A blog on practice in the Nation’s second-most powerful court

Criminal appeals in the D.C. Circuit versus other circuits

The court issued one published opinion this past week, a decision reviewing a criminal sentence for bank fraud. No. 21-3053, United States v. Otunyo. The appeal involved a standard-issue sentencing challenge leading to an affirmance—the kind of case that other circuits hear by the hundreds, and even thousands. By contrast, only 81 criminal appeals were filed in the D.C. Circuit last year.

Why so few? Obviously the D.C. Circuit is by far the smallest of the regional circuits, which means it has fewer people to commit federal crimes. But that’s not the whole story. The D.C. Circuit also hears a smaller percentage of criminal appeals than other circuits.

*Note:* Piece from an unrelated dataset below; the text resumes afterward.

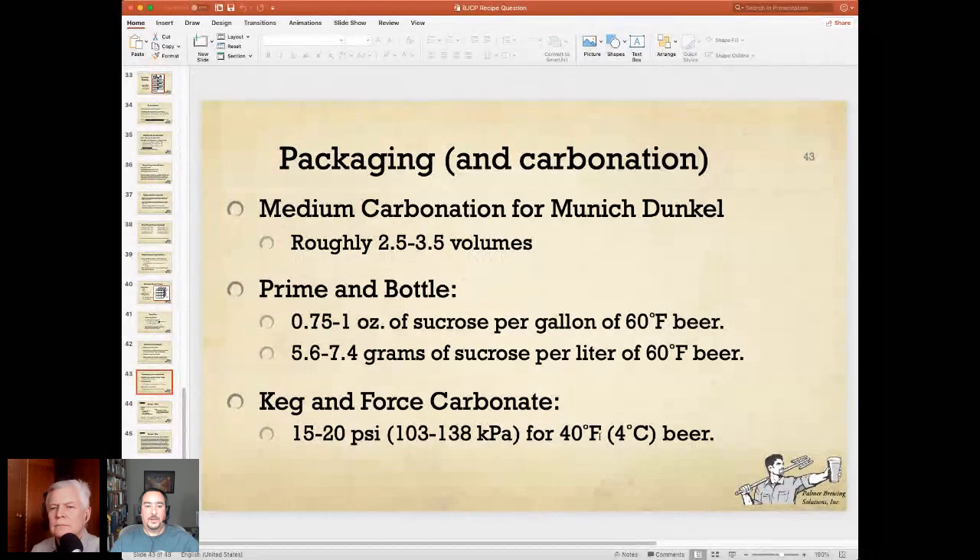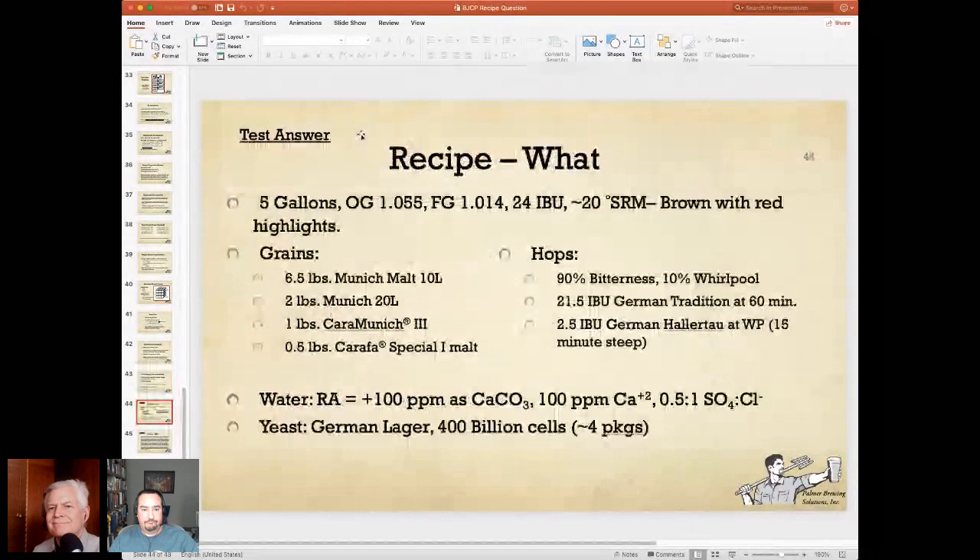These last slides are my test answer. The recipe: five gallons, OG 1055, final gravity 1014, 24 IBU, about 20 SRM — brown with red highlights. Ingredients and amounts: six-and-a-half pounds of Munich 10, two pounds of Munich 20, one pound of Cara Munich 3, half pound of Carafa Special. For hops, 90% of my IBUs — about 21.5 — is going to be bitterness from a 60-minute addition of German Tradition hops. The remaining 10%, about 2.5 IBUs, comes from a whirlpool addition.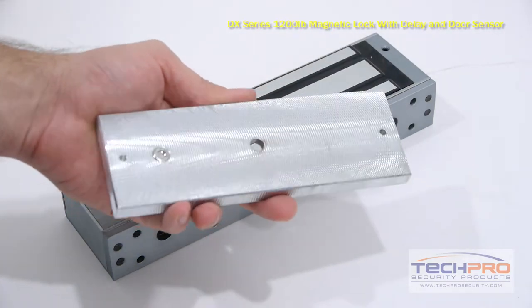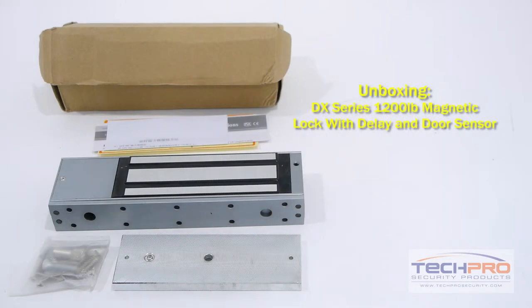This electromagnetic lock comes with a timer delay setting and will signal the access control panel when the door is open or closed. You can power this lock with either a 12 volt DC or 24 volt AC.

Here are the total number of criminal appeals filed in each circuit last year, followed by the percentage those appeals represent of the total:

DC 81/16%
CA1 340/40%
CA2 669/24%
CA3 444/23%
CA4 1405/42%
CA5 2219/44%
CA6 1109/38%
CA7 636/30%
CA8 1093/41%
CA9 913/17%
CA10 349/26%
CA11 1097/28%

As you can see, only the Ninth Circuit (17%) comes close to the D.C. Circuit (16%). One reason for the low percentage in the D.C. Circuit may be that the U.S. Attorney in DC is prosecuting fewer arrestees. In 2022, for example, 67% of arrestees were not prosecuted, up from 35% in 2015.

In any event, the numbers right now are the lowest among the circuits, both in raw totals and proportionally.